In case you missed the teasers or have never read the original work, here you can hear Bryan Cranston read the Shelley poem for which the episode is named. 

The show opened with a flashback that now feels like an Ali punch to the gut. I’m not going to recap the episode. There’s no need, and I don’t want to rehash it all anyway. Instead, some fragmented highlights. Hank: “You’re the smartest man I know.” Walter’s resurgence over Heisenberg in the restroom and his subsequent phone call to exonerate Skylar. Marie, for whom I have never been emotional, falling to her knees. [Oh shit here come the tears y’all] Todd volunteering to torture as if he were offering to mow your yard. But the greatest horror of them all? Jane.

I have always said that “Fly” is my favorite episode of the series. It’s largely uneventful and if memory serves it only involves Jesse and Walter in a single location. It unfolds like a stage play, and the entire episode filled me with such disquiet because I was convinced that Walter would let slip his involvement, or lack thereof, in Jane’s death. The tension was epic. He didn’t slip in “Fly,” and Jesse – even while growing to hate and fear Heisenberg – never learned that truth. Until tonight. And the announcement was breathtaking in its pomp.

The final scene involved Walter meeting up with Saul’s “vacuum repair” man. The bags and money went in the back, and our last sight was Walter in the van’s side mirror.
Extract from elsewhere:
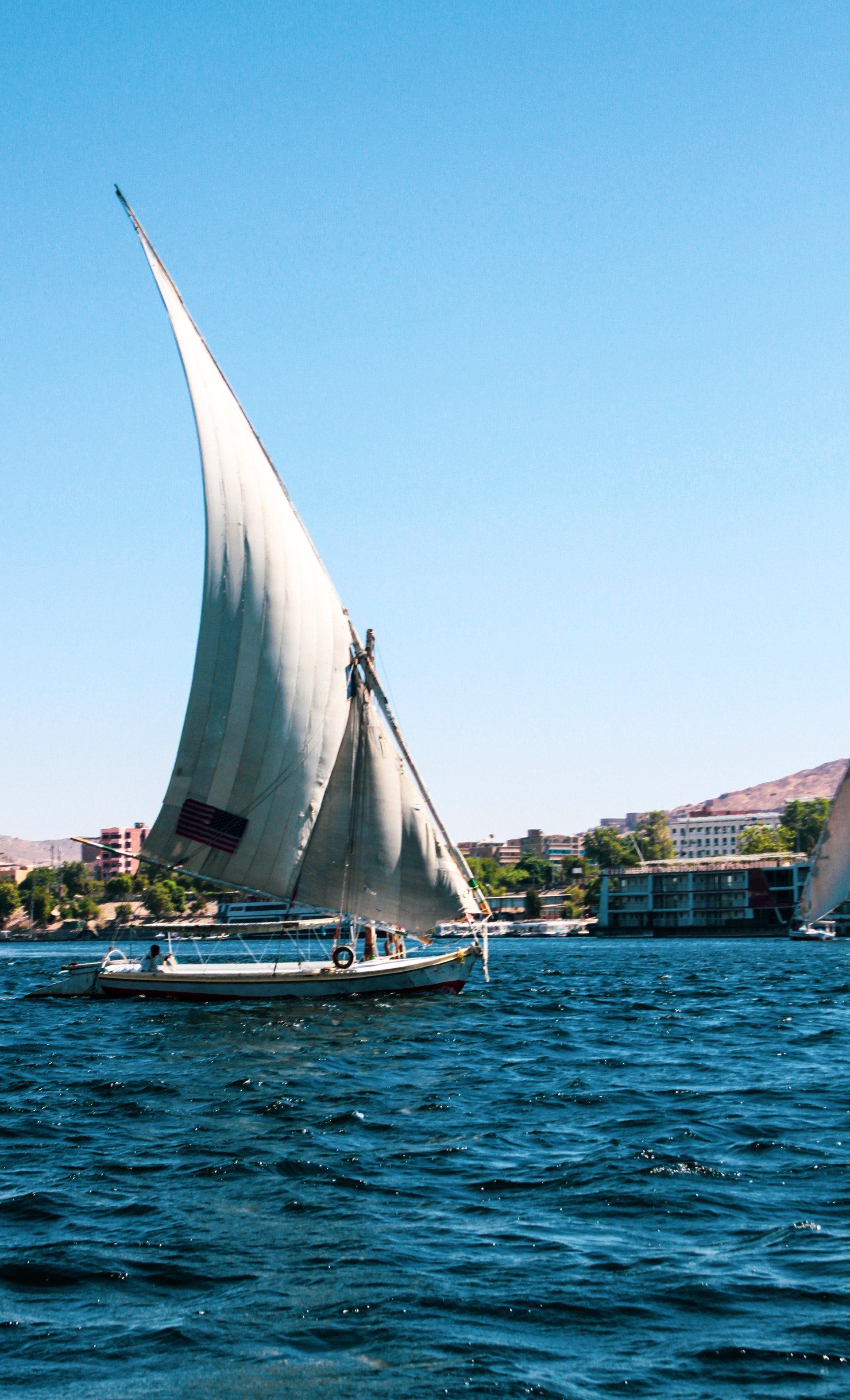 Sailboat with white sail on blue water, under a bright blue sky.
Mirrors are wildly telling metaphors in Walter’s story line, but was that our last glimpse of Walter White or of Heisenberg? 

I often frown when people rave about Bryan Cranston because I feel like the other actors on the show are being dismissed, but I’m just going to have to go ahead and say that Bryan Cranston is the greatest living actor, possible the best ever. Is it the role, the writing? Don’t care. It’s clicked, and he’s perfection. The rest of the cast is peerless as well, but Cranston has reset the bar completely. 

I’ll post poll results before the penultimate episode. You can go vote if you still have the will to do so. 

* I know, I know, it’s a good movie. I just can’t do it. Both war stories and the particular event that I omitted hit me way too hard and it’s just too much. But again, my inability to cope is a testament to the filmmaking.